#### INPUT DATA
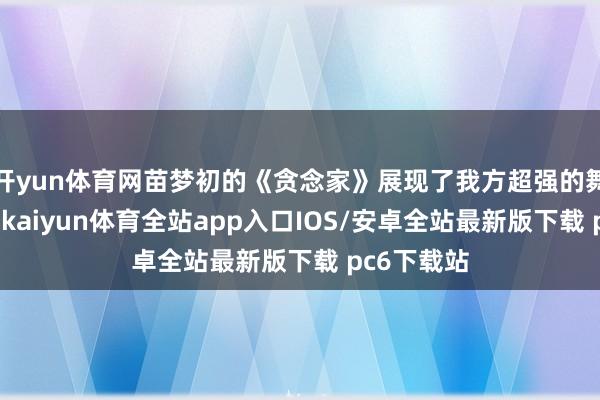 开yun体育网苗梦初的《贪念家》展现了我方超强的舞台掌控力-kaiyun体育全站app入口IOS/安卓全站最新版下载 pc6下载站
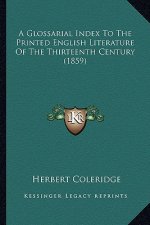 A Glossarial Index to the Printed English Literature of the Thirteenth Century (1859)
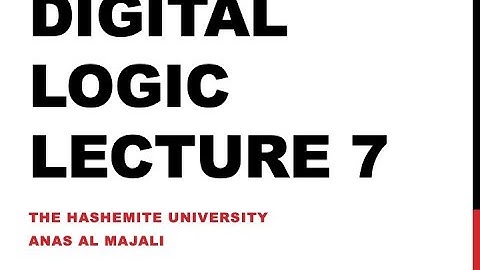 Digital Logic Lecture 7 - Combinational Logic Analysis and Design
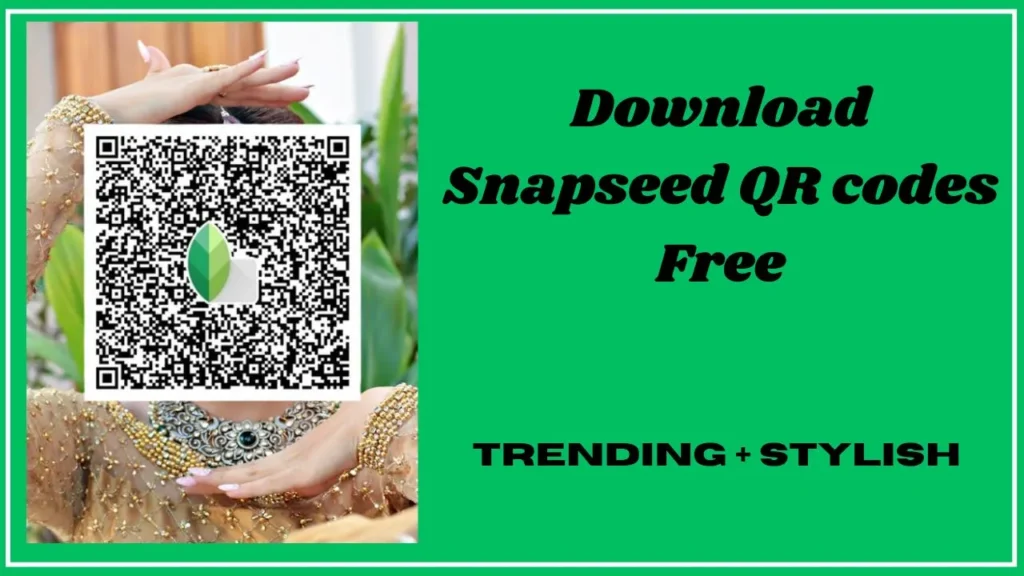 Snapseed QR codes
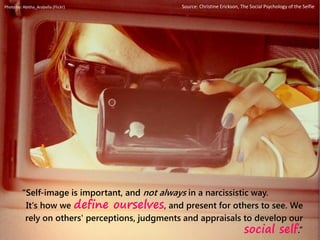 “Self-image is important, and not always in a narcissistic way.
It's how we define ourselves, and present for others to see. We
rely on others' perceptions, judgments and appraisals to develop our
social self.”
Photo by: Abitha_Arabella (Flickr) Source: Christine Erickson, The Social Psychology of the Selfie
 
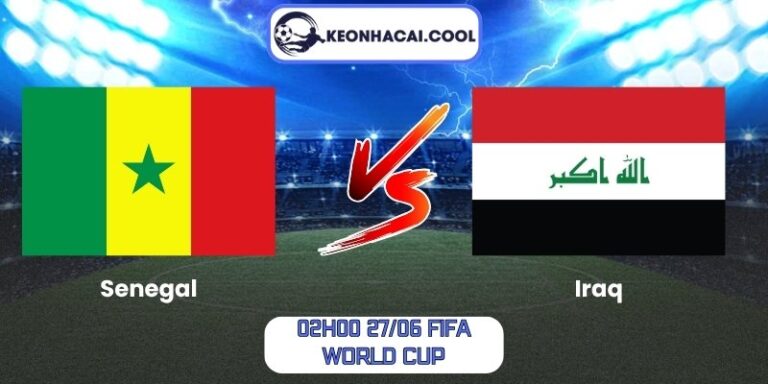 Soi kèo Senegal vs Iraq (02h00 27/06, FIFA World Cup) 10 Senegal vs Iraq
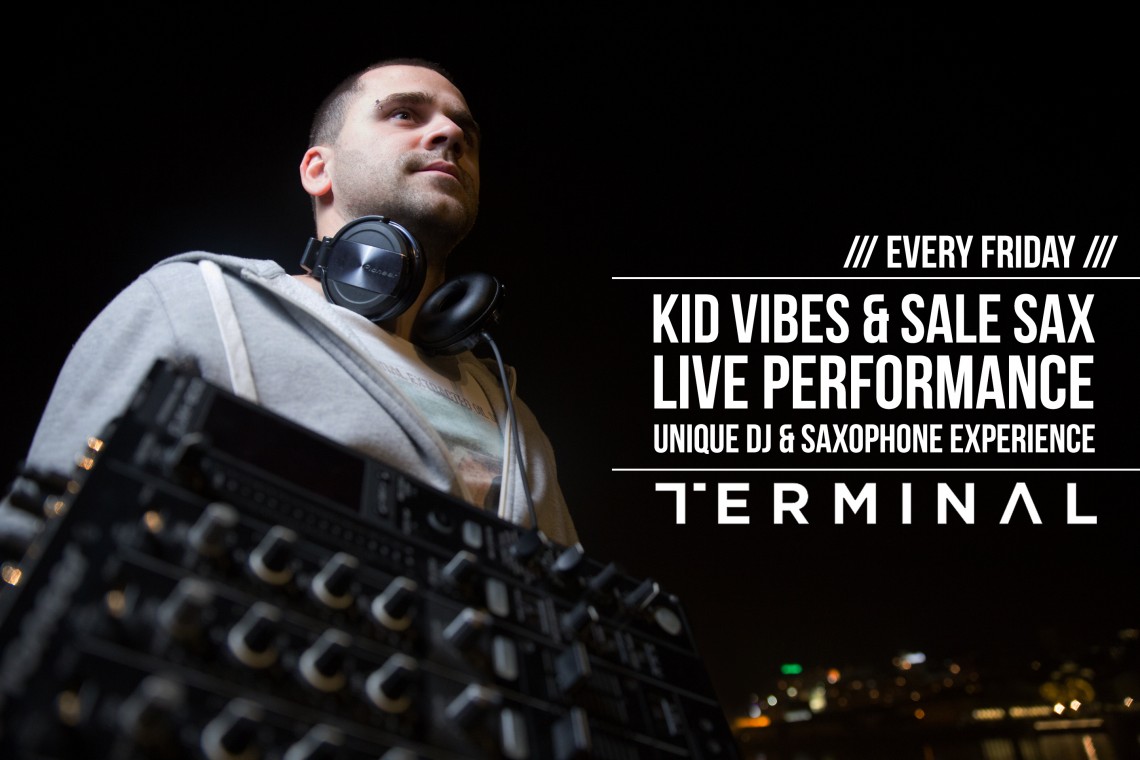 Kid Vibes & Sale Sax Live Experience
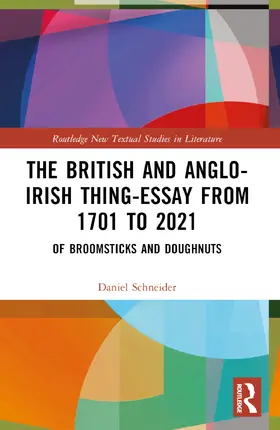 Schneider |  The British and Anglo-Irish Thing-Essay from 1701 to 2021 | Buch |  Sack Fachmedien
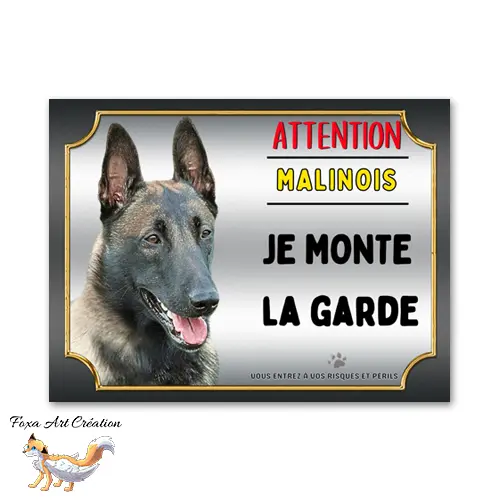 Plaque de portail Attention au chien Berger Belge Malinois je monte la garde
---
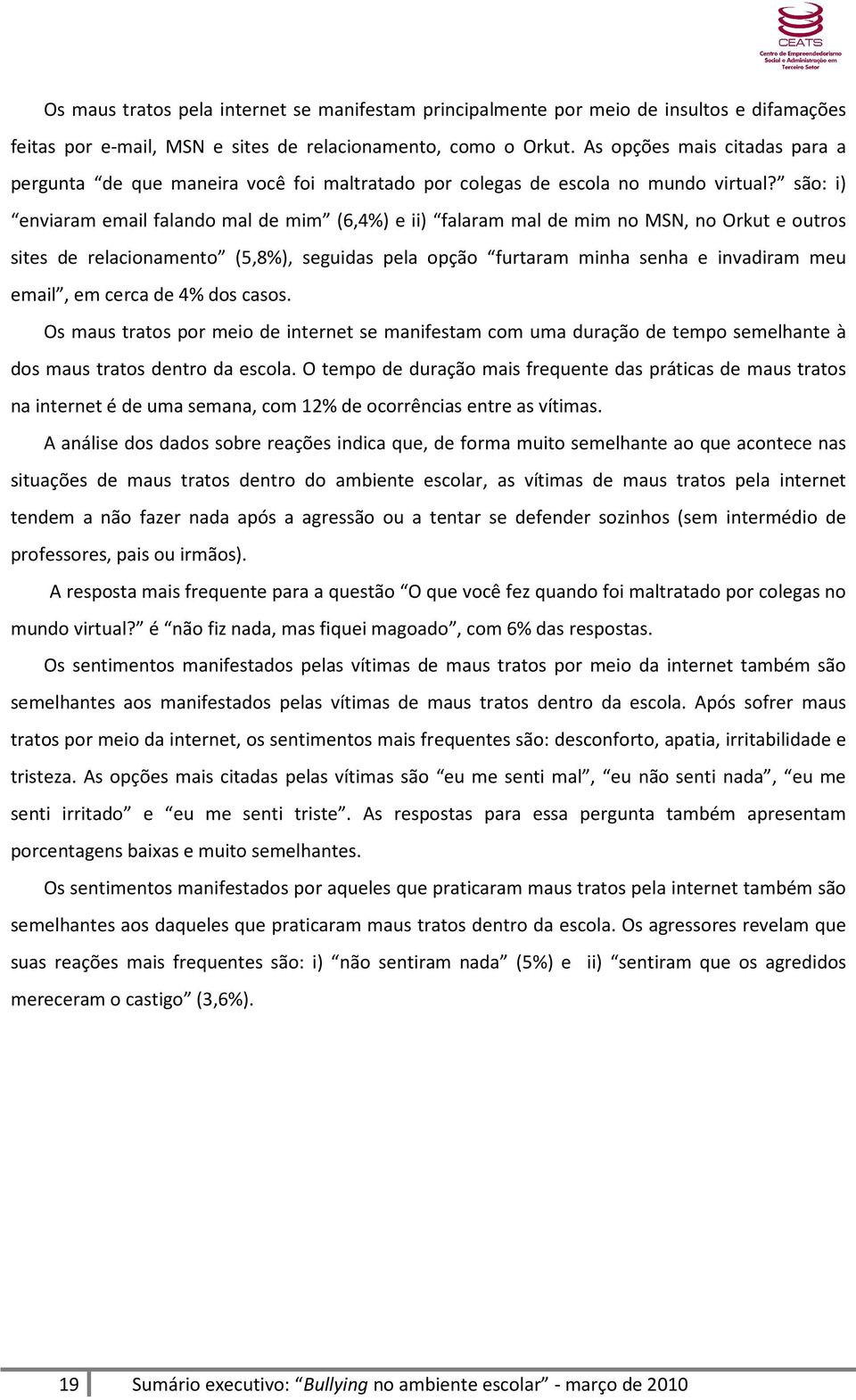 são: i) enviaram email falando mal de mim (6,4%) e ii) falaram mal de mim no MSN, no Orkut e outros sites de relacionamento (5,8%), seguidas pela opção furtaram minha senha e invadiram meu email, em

#### WHAT IS REQUIRED
Every line above in the stretch from the one with "It's how we" through the one with "Soi kèo Senegal" is to be transcribed exactly, ends included. No picture is copied.

#### SOLUTION
It's how we define ourselves, and present for others to see. We
rely on others' perceptions, judgments and appraisals to develop our
social self.”
Photo by: Abitha_Arabella (Flickr) Source: Christine Erickson, The Social Psychology of the Selfie
 
 Soi kèo Senegal vs Iraq (02h00 27/06, FIFA World Cup) 10 Senegal vs Iraq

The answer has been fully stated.